Posted on 25 Apr 2019 by Maddy White

Blockchain has grown rapidly in the last few years, we often hear of it saving companies ‘billions of pounds’, but what does a blockchain rollout look like in manufacturing?

Blockchain is a list of digital records linked together on a chain – image courtesy of Depositphotos.

Blockchain, or distributed ledger technology (DLT), is simply a list of digital records, or blocks, which are linked together in a time-sequenced chain.

Transactions are logged, time-stamped and a chain’s history cannot be modified. It could be the revolutionary method to trace products throughout manufacturing supply chains.

“It is common sense,” says Marc Tavener, global ambassador for Bitfury Group. “But it is about first working out what you want to solve.”

This kicked off Taverner’s keynote at the first ever Industrial Blockchain Summit  held in London earlier this month (April 11). 

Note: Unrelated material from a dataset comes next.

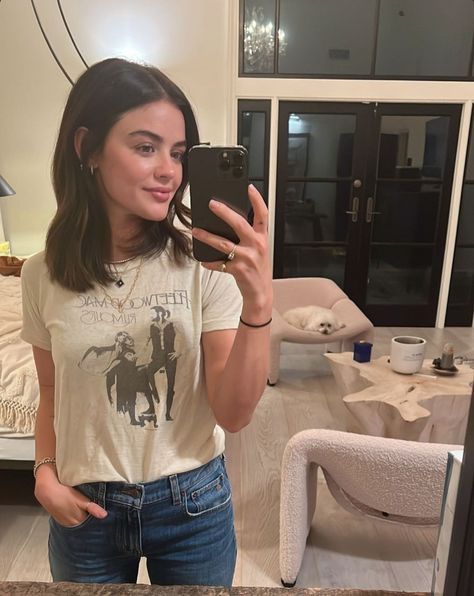 Lucy Hale Haircut, Collar Bone Length Hair Cuts, Lucy Hale Short Hair, Collar Bone Hair, Brown Hair Cuts, Lucy Hale Hair, Collarbone Length Hair, Short Brunette Hair, Short Brown Hair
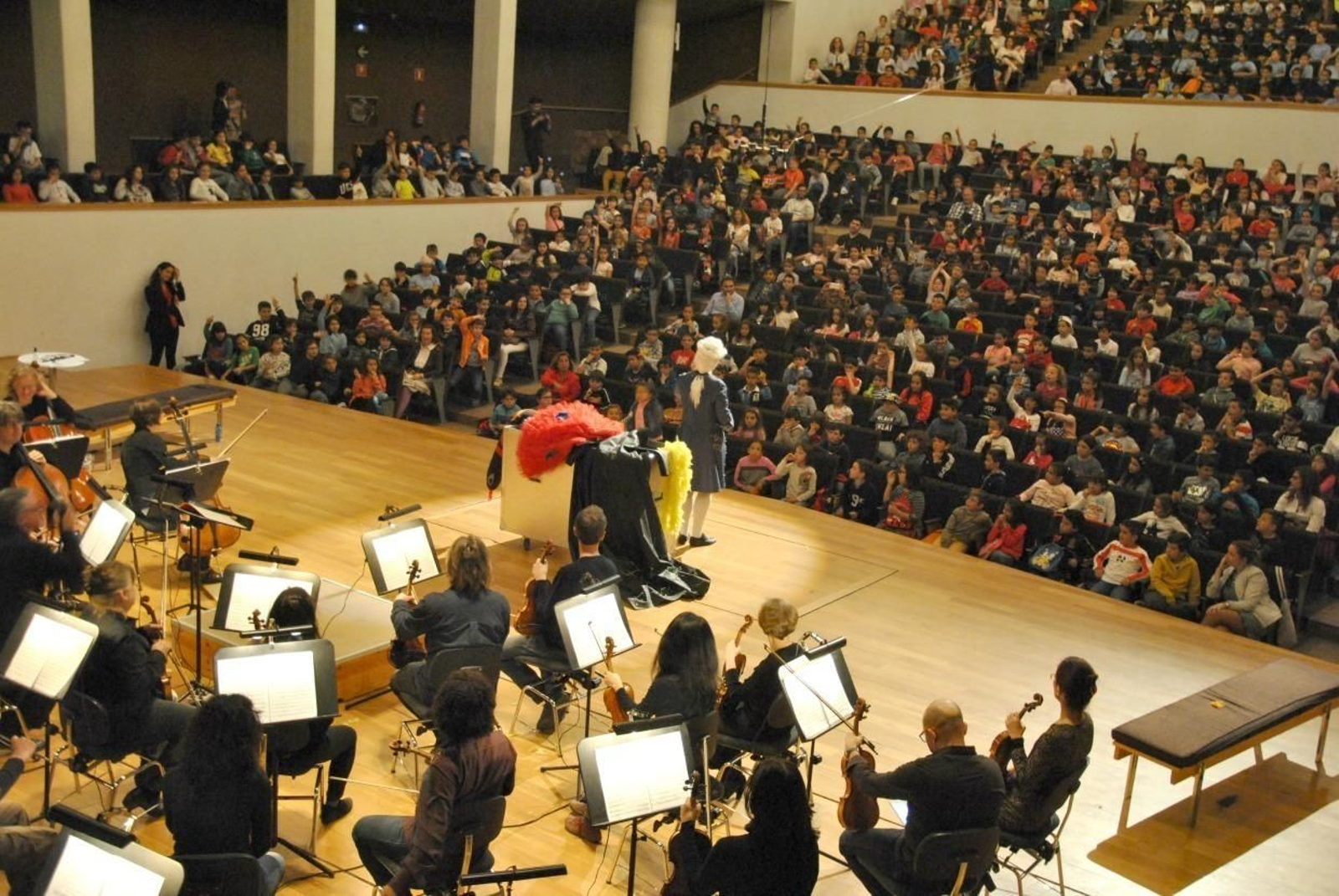 La OCG en mitad de uno de sus recitales.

“You need to start small, implement it in contracts or something internal, then constantly test the system and measure it, until it works efficiently and you can begin to use it in something more complex like supply chains.”

In recent Catapult research Blockchain in Action, which surveyed firms creating blockchain systems, 75% of the tech companies have products ready to demonstrate, but most work still comes from the financial sector.

Why do we need blockchain?

  • Any information can be digitalised
  • Any person can get free access to it
  • Information can be transferred in hundreds of ways instantly

Industrial blockchain exchange - image courtesy of TM
Manufacturing leaders from across the UK joined together (April 11) at the Industrial Blockchain Exchange in London – image courtesy of TM.

The industrial sector has yet to embrace blockchain in the way financial services has, one reason for this is because manufacturing has complex supply chains with many firms involved.

Often physical-not just digital-goods will be moved around, the quality of which can vary, making it a more challenging sector to utilise the technology.

Blockchain also requires all partners involved in an operation to collaborate and data share.

If for example, an automotive manufacturer wanted to use blockchain in its business, this would be difficult to implement because of its complicated supply chain, the requirement to get all partners around one table to discuss what distributed ledger technology they want to use, and the need to share data with those partners.

Taverner’s key benefits of blockchain in the supply chain:

  • Resistance to cyber attacks and internal fraud
  • An integrated common data space
  • Direct access to data
  • Transparent coordination throughout the supply chain
  • No accounting manipulation
  • Timestamps of when product changed hands and by who

“If you want to test it in your manufacturing business, I would suggest to take the word ‘blockchain’ out and just call it distributed ledger technology. When you test it you build a bank of data that you can measure, and so you can establish what you are achieving, or not achieving. It is simple, and the benefits for adopters are potentially huge.”